Persistence, Seasonal Dynamics and Pathogenic Potential of Vibrio Communities from Pacific Oyster Hemolymph.

PLoS One. 2014;9(4):e94256

Authors: Wendling CC, Batista FM, Wegner KM

Abstract
Bacteria of the genus Vibrio occur at a continuum from free-living to symbiotic life forms, including opportunists and pathogens, that can contribute to severe diseases, for instance summer mortality events of Pacific oysters Crassostrea gigas. While most studies focused on Vibrio isolated from moribund oysters during mortality outbreaks, investigations of the Vibrio community in healthy oysters are rare. Therefore, we characterized the persistence, diversity, seasonal dynamics, and pathogenicity of the Vibrio community isolated from healthy Pacific oysters. In a reciprocal transplant experiment we repeatedly sampled hemolymph from adult Pacific oysters to differentiate population from site-specific effects during six months of in situ incubation in the field. We characterized virulence phenotypes and genomic diversity based on multilocus sequence typing in a total of 70 Vibrio strains. Based on controlled infection experiments we could show that strains with the ability to colonize healthy adult oysters can also have the potential to induce high mortality rates on larvae.
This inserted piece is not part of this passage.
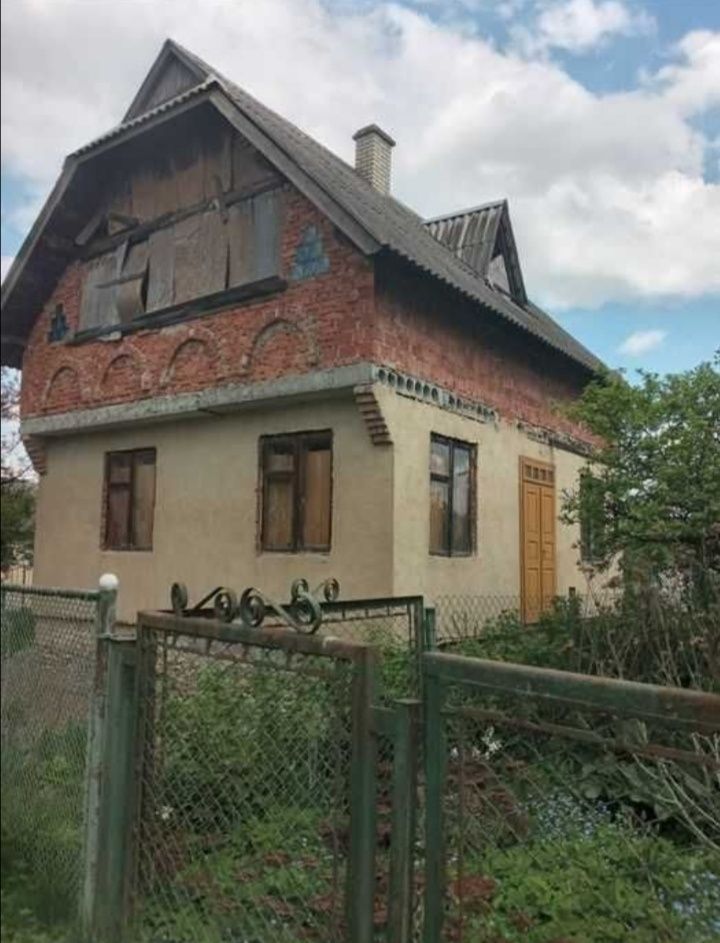 Продається дача в селі Підлужжі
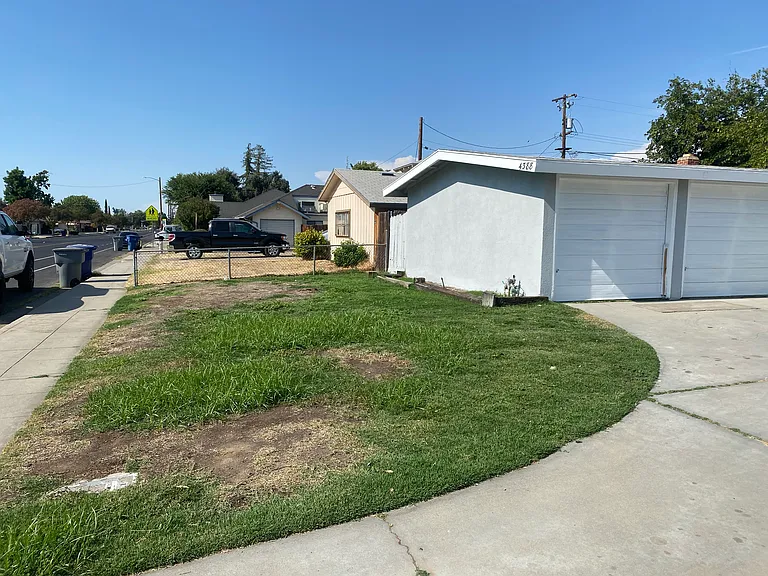 4388 N Millbrook Ave — Photo 8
Diversity and abundance of Vibrio varied significantly over time with highest values during and after spawning season. Vibrio communities from transplanted and stationary oysters converged over time, indicating that communities were not population specific, but rather assemble from the surrounding environment forming communities, some of which can persist over longer periods.

PMID: 24728233 [PubMed - as supplied by publisher]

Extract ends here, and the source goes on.